BRATISLAVA – Alexander Ovechkin is just 25, and yet the explosive left winger is preparing to represent Russia for the seventh time at the Worlds. En route to four tournament medals, he’s already built up what would be a lifetime of memories for most players.

Let’s take a look back at some of the highs and lows in this tournament for the Washington Capitals superstar, who’s been battling to maintain his reputation as the world’s best player since 2010.

Ovechkin scores his first World Championship goal ever on April 25, 2004 in a 6-2 tournament-opening romp over Denmark in Ostrava, Czech Republic. The 18-year-old’s victim is netminder Jan Jensen, and it is Russia’s fifth tally of the night. IIHF correspondent Peter Westermark describes the goal as coming on “a lightning-quick move to the middle followed by a masked, high shot.” The assists go to veterans Maxim Sushinski and Dmitri Yushkevich.

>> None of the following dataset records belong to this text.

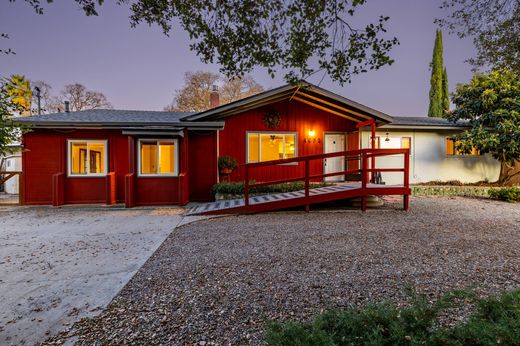 Atascadero, San Luis Obispo Countyの一戸建て住宅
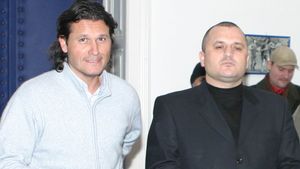 Napoli îl contrazice pe Mititelu: "Echipa de acum nu se poate compara cu Craiova Maxima!"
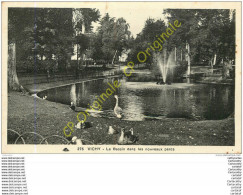 03.  VICHY .  Le Bassin Dans Les Nouveaux Parcs . - Vichy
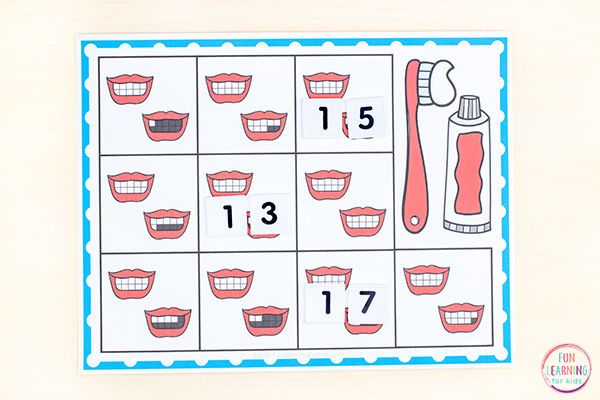 Learning to count numbers 1-20 with these teeth counting mats for preschool and kindergarten.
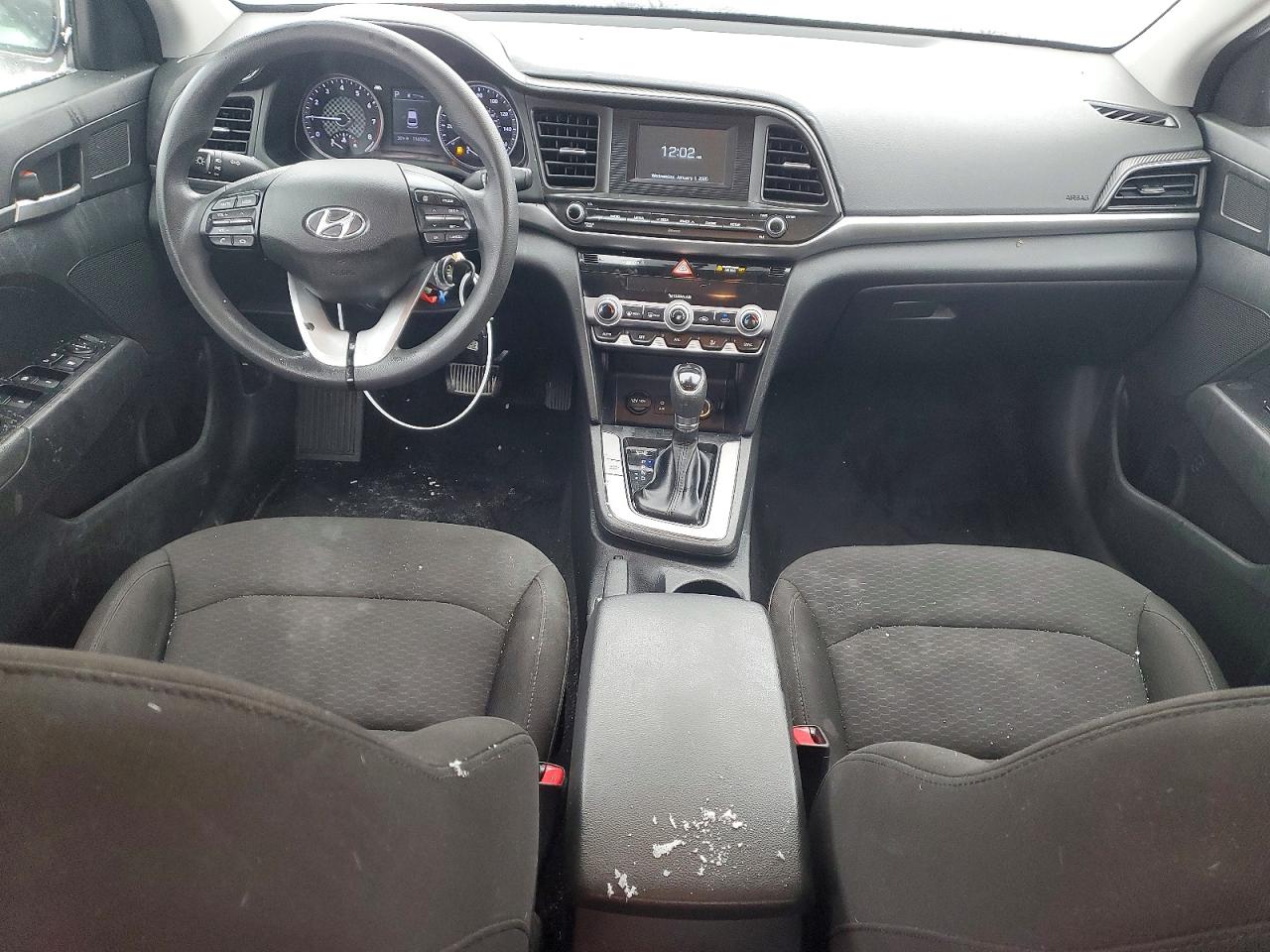 2020 HYUNDAI ELANTRA SE photo 8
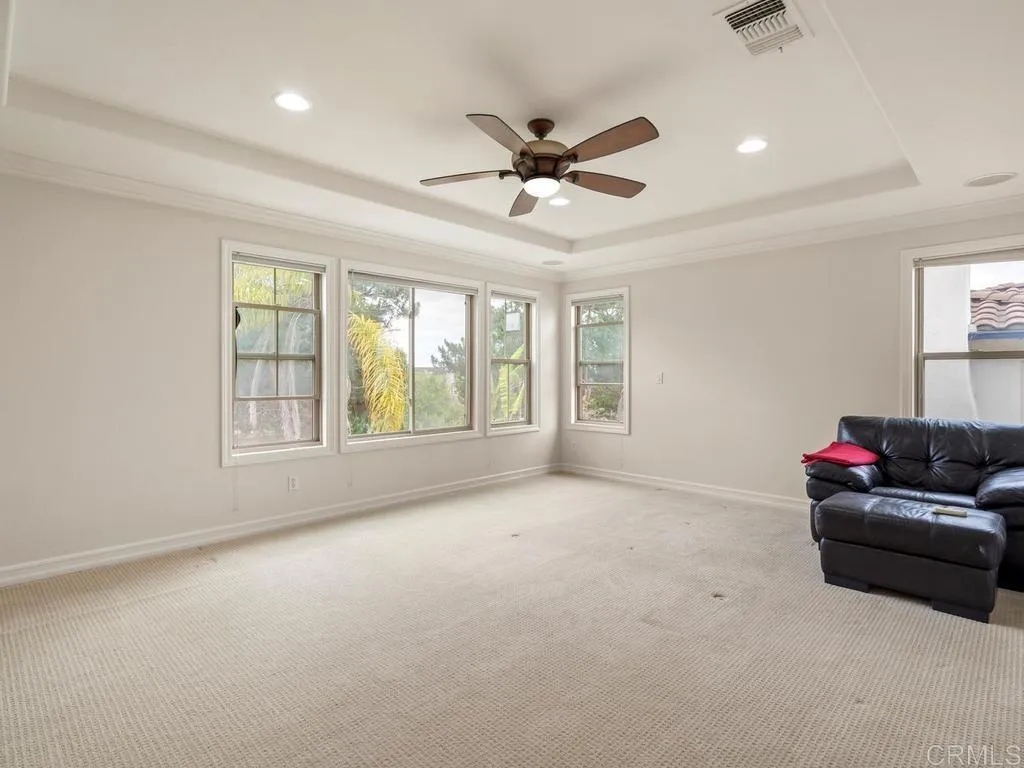 7225 Caribou Court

In the 2005 bronze medal game against Sweden on May 15 in Vienna, Austria, Ovechkin spectacularly dances through hulking Tre Kronor blueliner Mattias Norström to score Russia’s 4-2 goal at 1:33 of the third period. It’s the eventual winner. The Russians go on to capture third place with a 6-3 win.

In 2006, Ovechkin is named to the tournament all-star team for the first time despite Russia’s May 18 quarter-final exit versus the Czech Republic in a 4-3 loss on Zbynek Irgl’s goal at 7:58 of OT. He finishes with six goals and three assists in seven games.

Playing on home ice in Moscow, Ovechkin receives a five-minute major and a game misconduct and is suspended for one game for a hit on Swiss forward Valentin Wirz on May 8, 2007. The hit occurs as Wirz is rushing up ice and Ovechkin is stepping out of the penalty box. Ovechkin states that the blow was unintentional. This proves to be an off-tournament overall for the Great 8, who winds up with just one goal and one assist in eight games as the host Russians settle for bronze.

Ovechkin draws two assists, including one on Ilya Kovalchuk’s overtime game-winner, as Russia rallies from a two-goal deficit to defeat host Canada 5-4 for gold in Quebec City on May 18, 2008. It’s Russia’s first title since 1993. With a personal high of six goals and six assists at the event, Ovechkin is also named to the tournament all-star team for the second time.

Despite looking tired in the wake of Russia’s 7-3 Olympic loss to Canada and a disappointing first-round defeat against the Jaroslav Halak-backstopped Montreal Canadiens in the Stanley Cup playoffs, Ovechkin shows up to play for his country in Germany 2010. Unfortunately, his overall diligent performance – five goals and one assist in nine games – is overshadowed by an accidental collision with teammate Sergei Fedorov late in the second period of the May 23 gold medal game versus the Czech Republic. While Ovechkin and Fedorov struggle to their feet, the Czechs race down the ice and captain Tomas Rolinek scores the 2-0 goal, the eventual game-winner.